El pasado 22 de julio, los noruegos recordaron a las 77 víctimas mortales del odio de Anders Berhring Breivik. El terrorista ultraderechista, que fue condenado en agosto pasado a 21 años de cárcel prorrogables, fracasó en su intento de cambiar los valores del país nórdico. Así lo recordó en su discurso el primer ministro, Jens Stoltenberg: "No debemos renunciar a los valores contra los que se dirigió el atentado: la diversidad, la solidaridad y una sociedad abierta". Incluso las Juventudes del Partido Socialdemócrata (AUF) han retomado su tradicional campamento de verano en la isla de Utoya. Según su líder, Eskil Pedersen,

"no hay verano para un miembro de AUF sin ir al campamento, por eso estoy orgulloso de haber recuperado el nuestro".

Dos años después de que Noruega sufriera la peor tragedia desde la ocupación nazi, la sociedad trata de curar aún sus heridas. El 40% de los supervivientes de Utoya y el 30% de los padres de las víctimas inocentes continúan traumatizados por los hechos. Además, aún planea la sombra de que la lentitud e ineficacia de la Policía aumentaron la magnitud de la tragedia. Según una reciente encuesta, uno de cada dos noruegos piensa que sus Fuerzas de Seguridad no estarían preparadas para afrontar una amenaza terrorista como la de aquel 22 de julio.

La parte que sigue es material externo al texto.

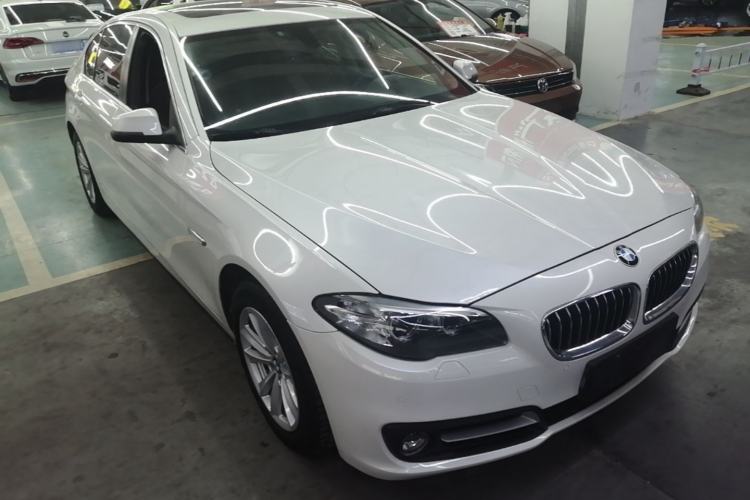 Used BMW 5 Series 2014 520Li Elegant Model Front Right 45 Deg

El mismo Stoltenberg, unánimemente admirado por haber sabido mantener unida a su nación aquel fatídico día, ve amenazada su supervivencia política en las elecciones generales del próximo 9 de septiembre. Los últimos sondeos colocan a los socialdemócratas a siete puntos de los conservadores de Erna Solberg, que aspiran a volver al poder con una coalición con los ultraderechistas del Partido del Progreso (FrP). La derecha populista, en la que militó Breivik antes de radicalizarse, vuelve a subir en intención de voto pese al declive que sufrió inmediatamente después de los atentados de Oslo y Utoya. Con todo, el partido de Siv Jensen perdería casi siete puntos con respecto a las elecciones de 2007, cuando se convirtió en la segunda fuerza política más votada.

La oposición conservadora ha sabido beneficiarse del creciente malestar social con los servicios públicos, lo que no deja de ser paradójico en un país que gracias a sus reservas de petróleo ha podido mantenerse al margen de la crisis económica internacional. La economía noruega crecerá este año un 2,4, frente al 3,4% de 2012, lo que haría las delicías de cualquier país europeo. Sin embargo, estos logros no parecen ser suficientes para la población.